Task goal: Reproduce the listing below exactly, beginning with its first line and ending with the line that holds "6-METHYL-2-(4-METHOXY PHENYL) BENZOTHIOPHENE"; pictures are not part of the copy.

Exercise input:

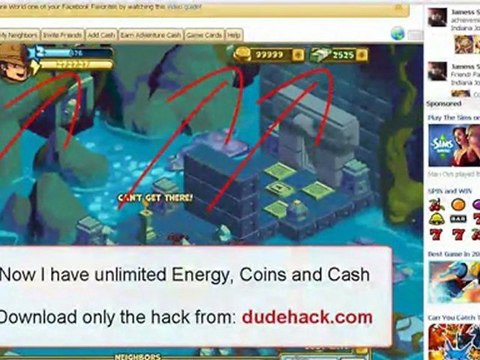 Adventure World Hack-Coins+Cash+Energy Hack (Adventure World Zynga Cheats and Hacks)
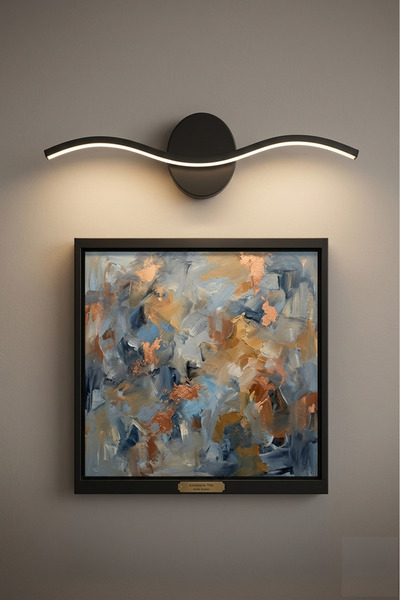 Lzy Avize Store Seagull Wave Design Linear Wall Lamp - Entrance Hallway and L...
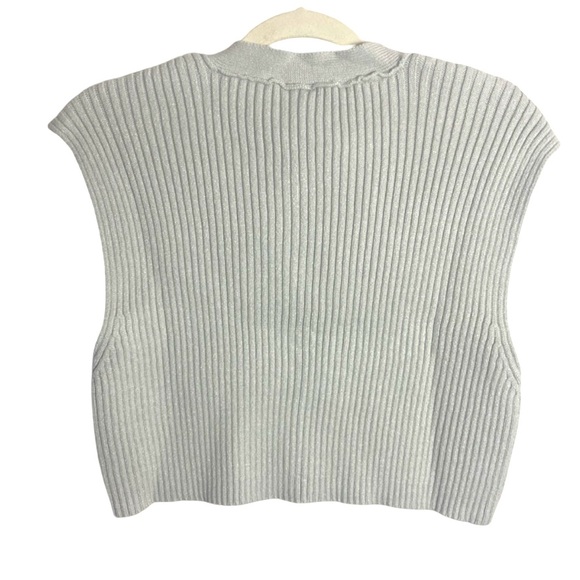 NWT FREE PEOPLE Naiome Rib Micro Vest. Grey.  XS - Picture 9 of 9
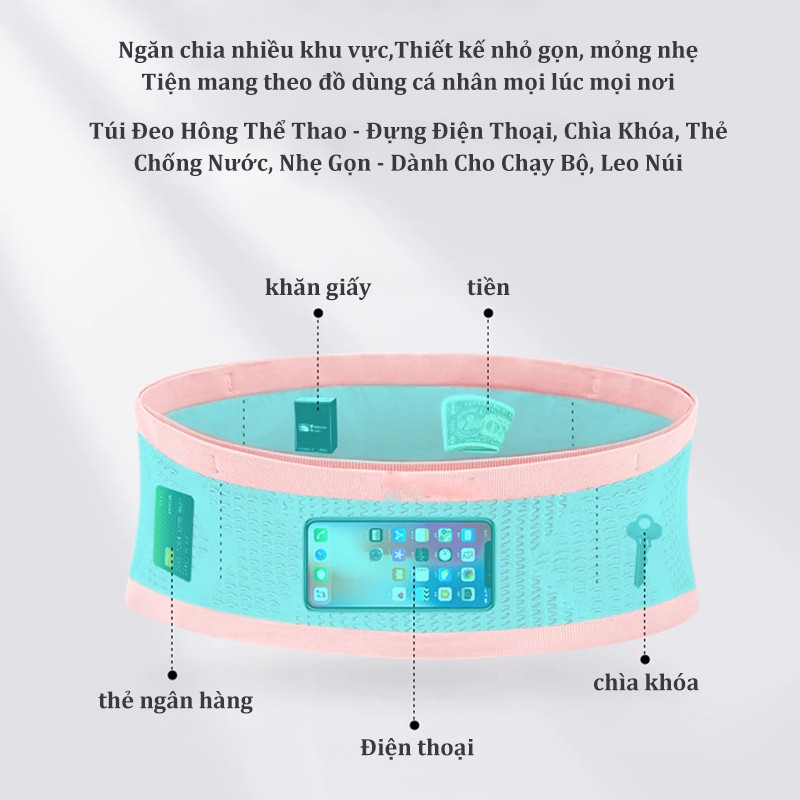 Túi Thắt Lưng Thể Thao Thể Dục Ngoài Trời Chạy,Túi Đeo Hông Thể Thao,Túi đeo hông chạy bộ đựng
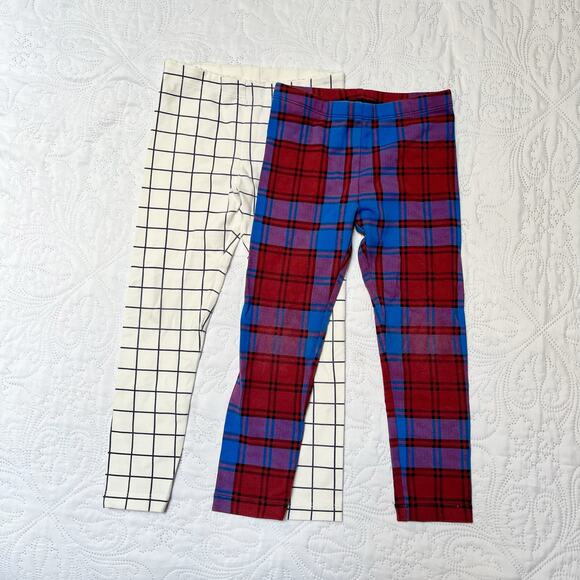 Tea Collection Plaid Leggings Bundle Size 4 - Picture 2 of 6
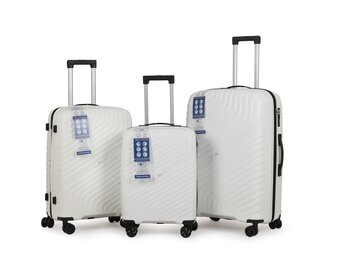 Kofferset Voyanto - 3 delig | Wit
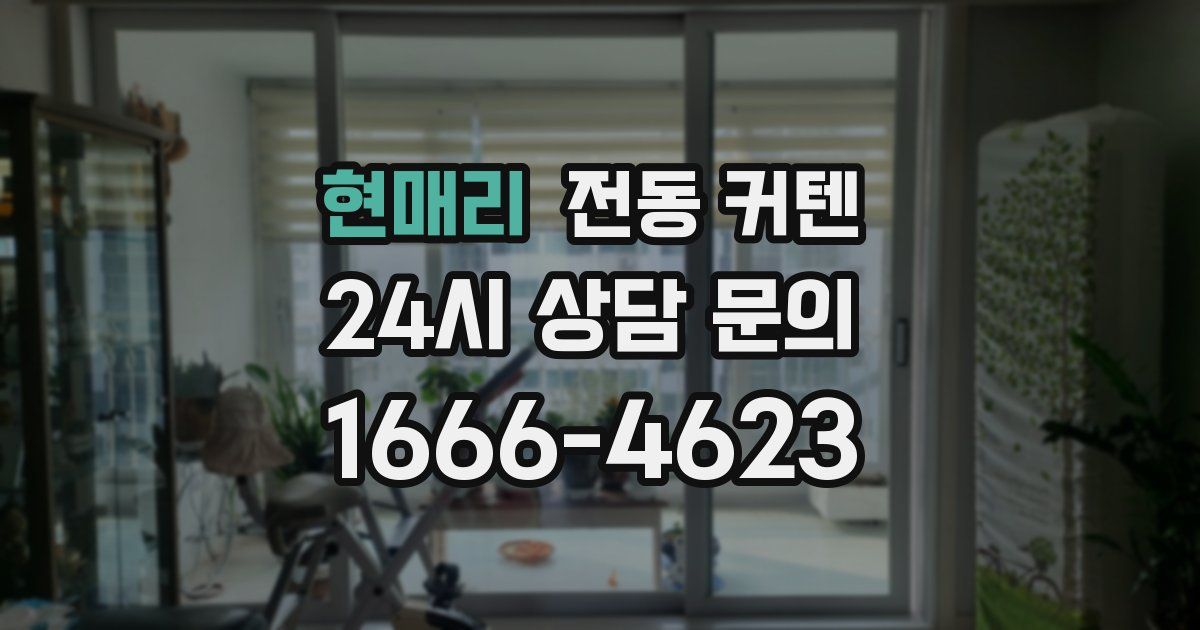 현매리 전동 커텐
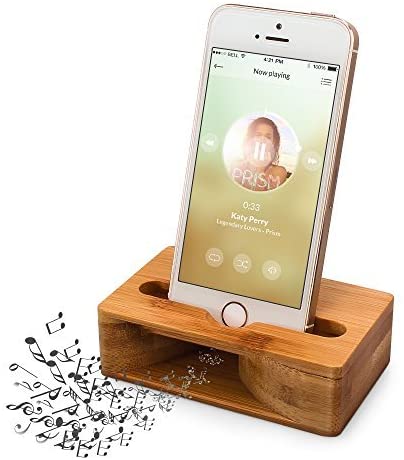 ARCHEER 竹製スマホスピーカー jQ7GHJAit
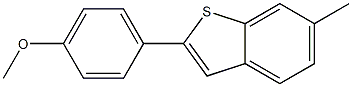 6-METHYL-2-(4-METHOXY PHENYL) BENZOTHIOPHENE Struktur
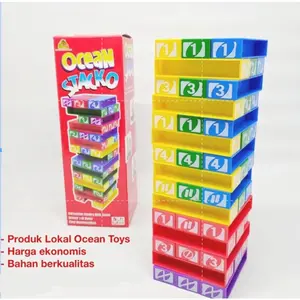 Ocean Stacko Permainan Board Game Block - Block Susun Family Game
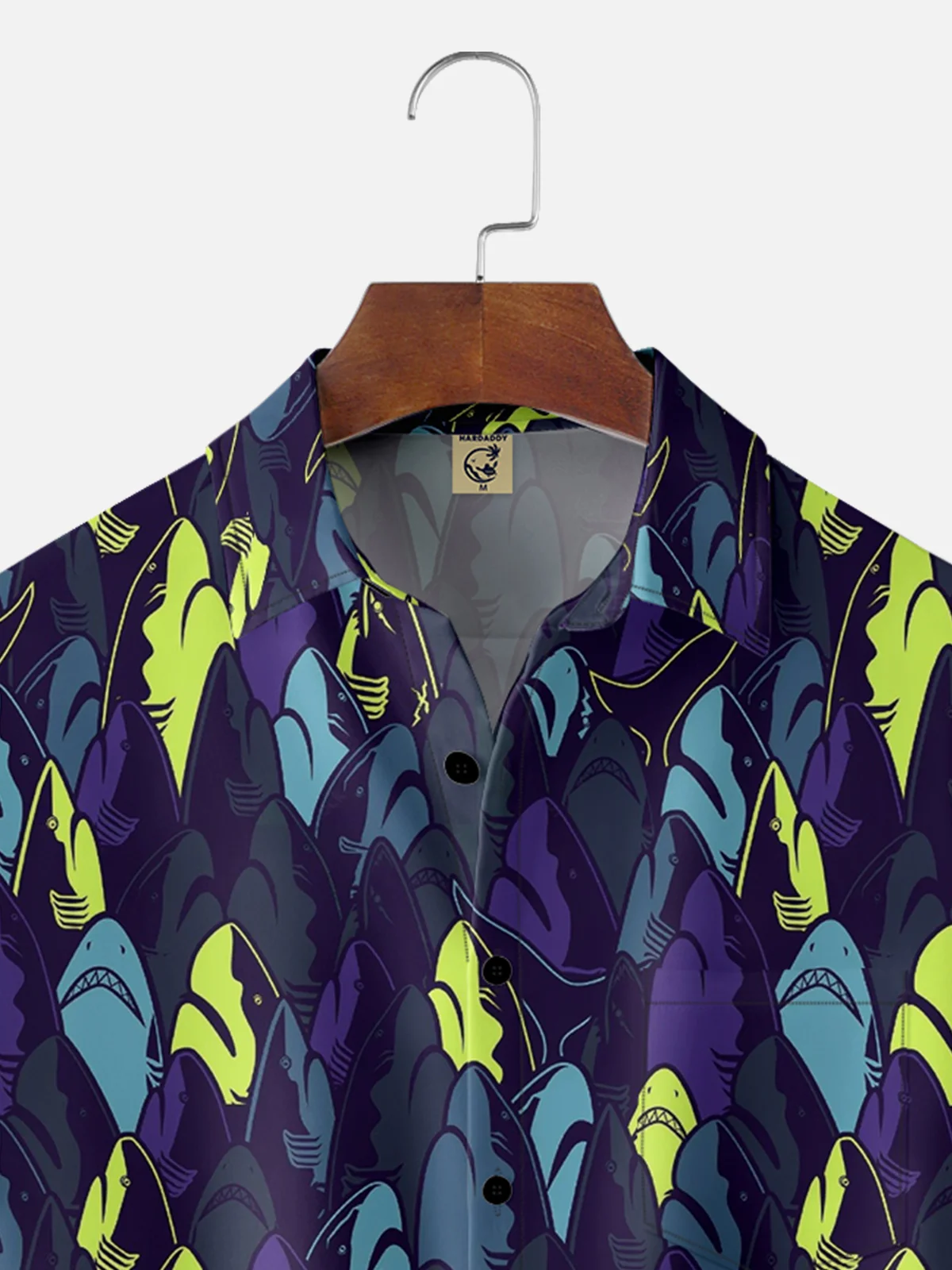 Hardaddy Moisture-Wicking Shark Print Shirt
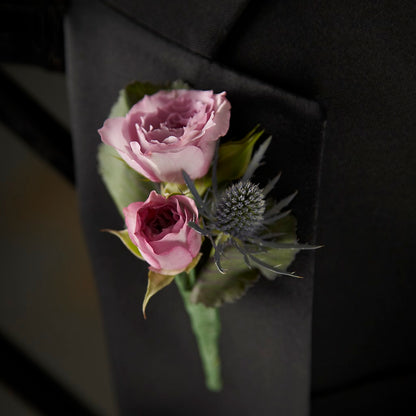 Veronica Boutonniere – HOMETOWN TREASURES FLORAL & GIFTS, Morris OK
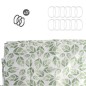 Cortina Ducha Hojas Verdes 180x200 cm. Impermeable Cortina Ducha Hojas Verdes 180x200 cm. Impermeable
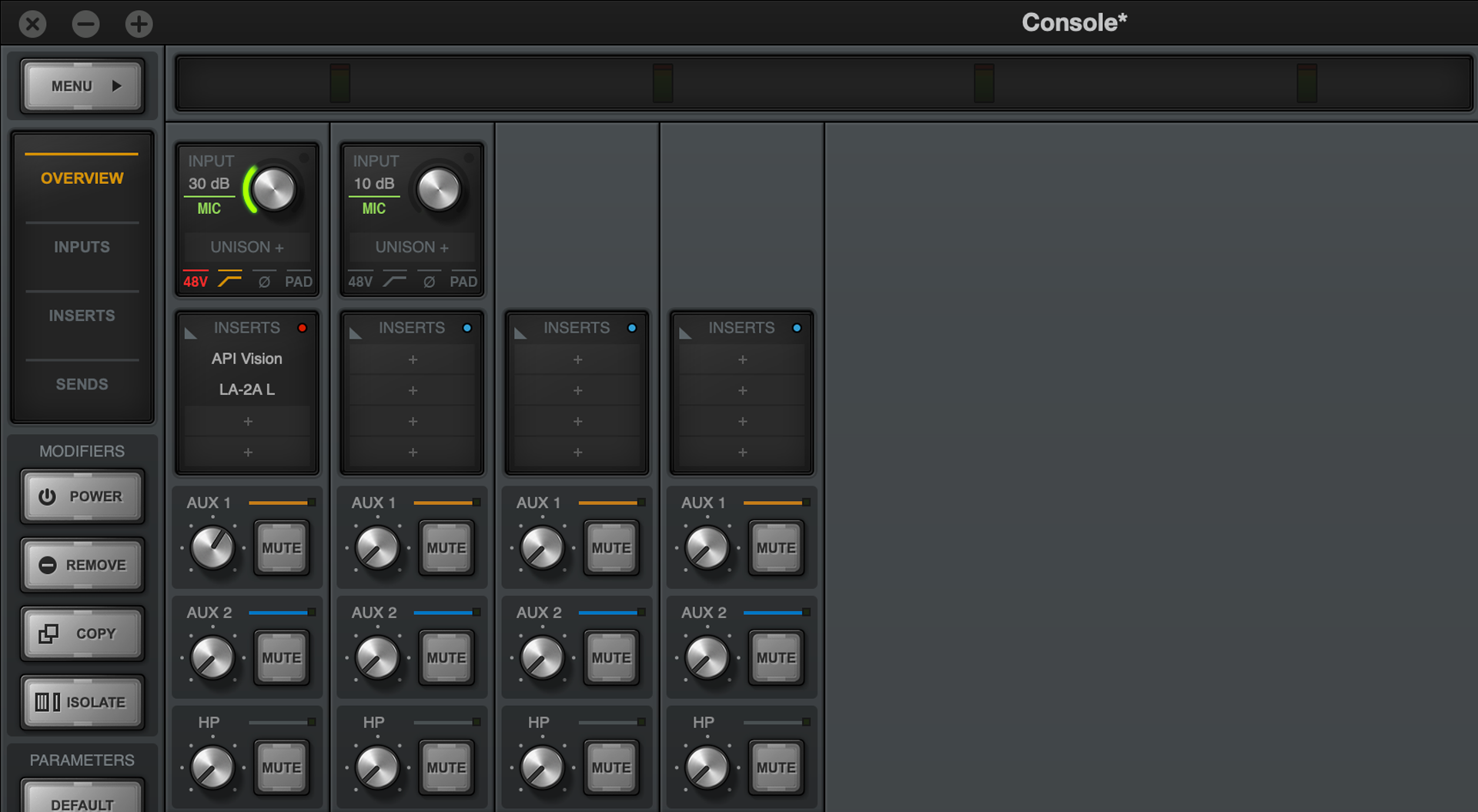 UAD's API Vision Channel Strip and Teletronix LA-2A are great plugins for podcasters.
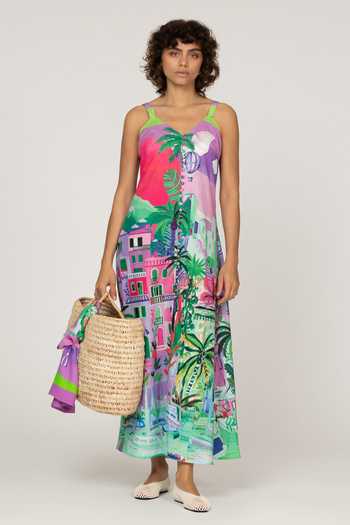 Inoa Greca Floral Print Dress 
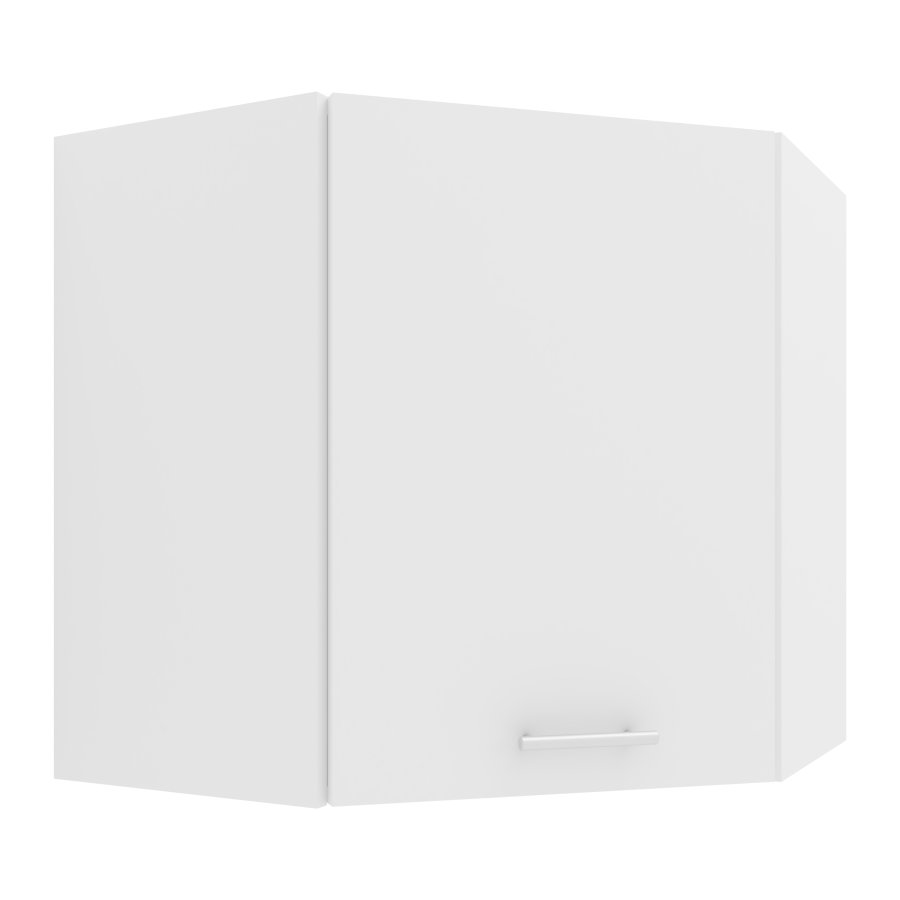 VCM NORDIC Esilo 57 Küchen-Eckschrank, m. 1 Tür und 1 Einlegeboden - Holz weiß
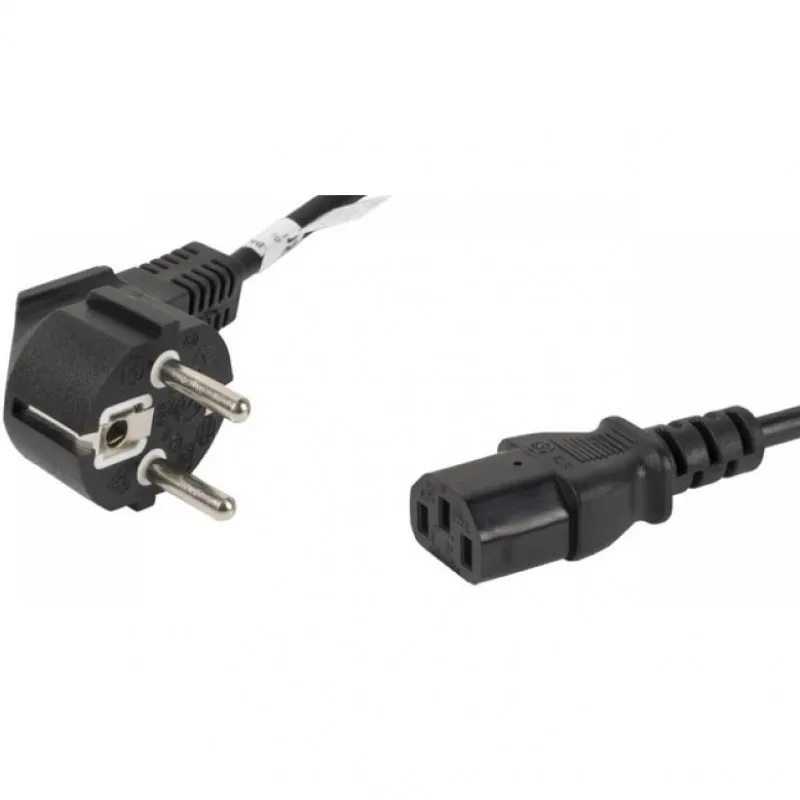 Cavo prolunga Lanberg CEE 7/7 a IEC 320 C13 maschio/femmina 1,8 m nero - immagine 1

Reply to the task:
 Adventure World Hack-Coins+Cash+Energy Hack (Adventure World Zynga Cheats and Hacks)
 Lzy Avize Store Seagull Wave Design Linear Wall Lamp - Entrance Hallway and L...
 NWT FREE PEOPLE Naiome Rib Micro Vest. Grey.  XS - Picture 9 of 9
 Túi Thắt Lưng Thể Thao Thể Dục Ngoài Trời Chạy,Túi Đeo Hông Thể Thao,Túi đeo hông chạy bộ đựng
 Tea Collection Plaid Leggings Bundle Size 4 - Picture 2 of 6
 Kofferset Voyanto - 3 delig | Wit
 현매리 전동 커텐
 ARCHEER 竹製スマホスピーカー jQ7GHJAit
 6-METHYL-2-(4-METHOXY PHENYL) BENZOTHIOPHENE Struktur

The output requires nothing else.